Analysis
Touch me not
Another day, another ‘ban’—is the NCERT matter an opportunity for the Court to question alleged executive interference in curriculums?

On Wednesday, a Bench led by Chief Justice Surya Kant blacklisted the authors of a chapter on the judiciary in NCERT’s Class 8 Social Sciences textbook. On 26 February, the Bench had banned the dissemination and further publication of the textbook after taking objection to a portion on “Corruption in the Judiciary”. The Court took suo motu cognisance of the matter following newspaper reports about the textbook which cited ‘corruption’ and ‘backlog of cases’ as the primary challenges facing the judiciary. The Bar too had urged the Court to intervene
Following backlash, the NCERT issued a statement to emphasise its “highest esteem” for the judiciary and informed its decision to have the chapter rewritten. The next day, a show-cause notice was sent to NCERT Director D.P. Saklani by the Court. After learning of the authors from Saklani, the Bench directed governments and public-funded institutions to refrain from employing them.
Anyone who followed the February hearing will not be surprised by this response. Then, the CJI had remarked that the chapter was part of a “deep-rooted, well-orchestrated conspiracy.” The concern within the Bench and the Bar is the selective targeting of the judiciary, while other wings of the Government received scant mention. The chapter on the electoral system contains a fleeting reference to the “growing influence of money” while the chapter on the parliamentary system only flags “absenteeism and disruption of the Question Hour” as challenges. When corruption is rampant across institutions in the country, such omissions are difficult to excuse. This time, the Bench said that the authors had “deliberately misrepresented facts to project a negative image” before impressionable students.
Admittedly, this is not the first time that the NCERT has been chastised for “mispresentation”. Formed by the Government of India, the NCERT’s executive committee includes members of the Union government. While it’s an autonomous institution, it has come under the scanner for alleged executive interference. In the early 2000s, the Supreme Court dismissed a petition from activist Aruna Roy, educationist Meena Krishna Tyabji and journalist B.G. Verghese, who described the NCERT’s national curriculum framework as anti-secular and unconstitutional. Challenges against the curriculum have not died down. In recent years, commentators have raised concerns after the organisation expunged material on Darwin’s theory of evolution, the 2002 Gujarat riots and the Babri Masjid demolition from school textbooks. Editions released in April 2023 did away with passages on the assasination of Gandhi. At the time, Saklani had justified the cuts as “rationalisation” to lighten the workload for students after COVID-19.

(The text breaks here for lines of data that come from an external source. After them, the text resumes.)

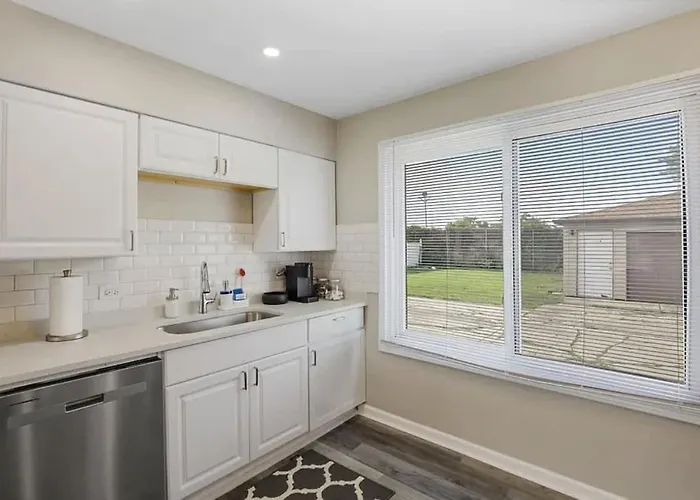 Spacious 5 Bed 2 Bath House Hébergement de vacances Melrose Park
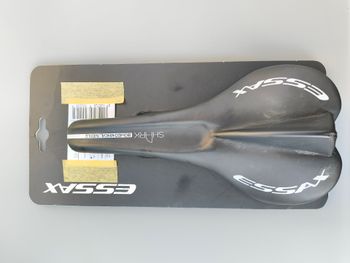 Used ESSAX Shark Saddle Saddles & Seatposts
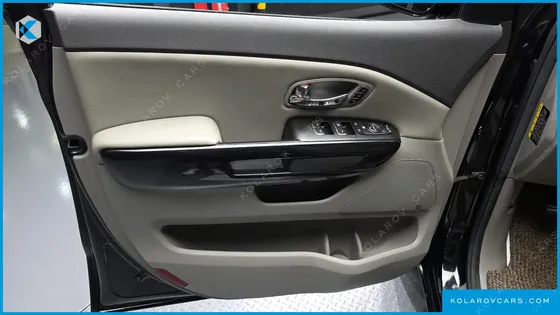 KIA CARNIVAL 9-SEATER NOBLESSE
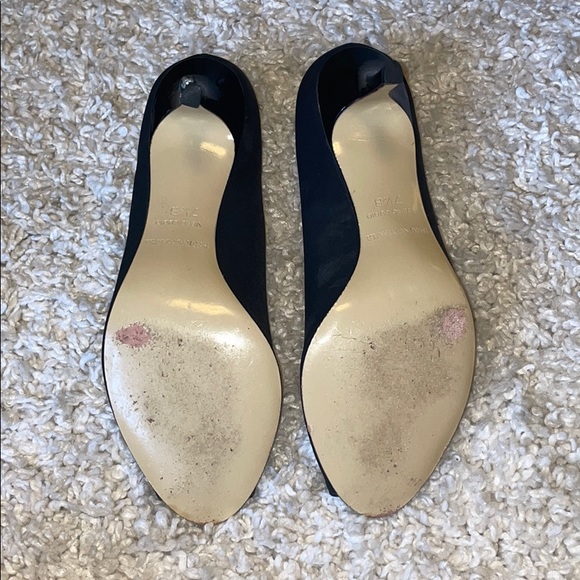 Bruno Magli black Novati peep toe heels - Picture 5 of 7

NCERT textbooks are drafted by Textbook Development Teams that consist of academics and subject-experts identified by the Curricular Area Group (CAG). It involves multiple stages of scrutiny, with teams of experts that review the content of the textbooks at different levels. In this case, the development team—the blacklisted authors—included Professor Michel Danino (Chairperson of the CAG), Suparna Diwakar and Alok Prasanna Kumar. Danino has been involved in the drafting of previous editions as well.
There is another backdrop to this controversy. The Union government and the judiciary have been in a long tussle over judicial appointments. The executive often points to a lack of transparency in the Collegium system to press for a greater role in appointments. It invokes allegations of corruption, though these are often framed in broad or vague terms. The relationship between the two pillars stretched thin over 2025 with clashes over the administration of tribunals and the powers of state governors.
The inclusion of judicial corruption while excluding other pillars raises anxieties of “conspiracy” and “negative image”. While the controversy brings into focus the old tension between the wings of the government, it strays away from the larger discussion on institutional accountability—be it executive, legislative or judicial. These are viewed as serious challenges that must be communicated to future generations. Critical content is essential in school textbooks to foster political consciousness among students while staying true to the Constitution. Perhaps this is an opportunity for the Supreme Court to address this structural concern within the curriculum framework.
Resorting to sharply-worded attacks—with measures that are both drastic and contrary to the Court’s own warning against indefinite blacklisting—may only soothe a personal hurt.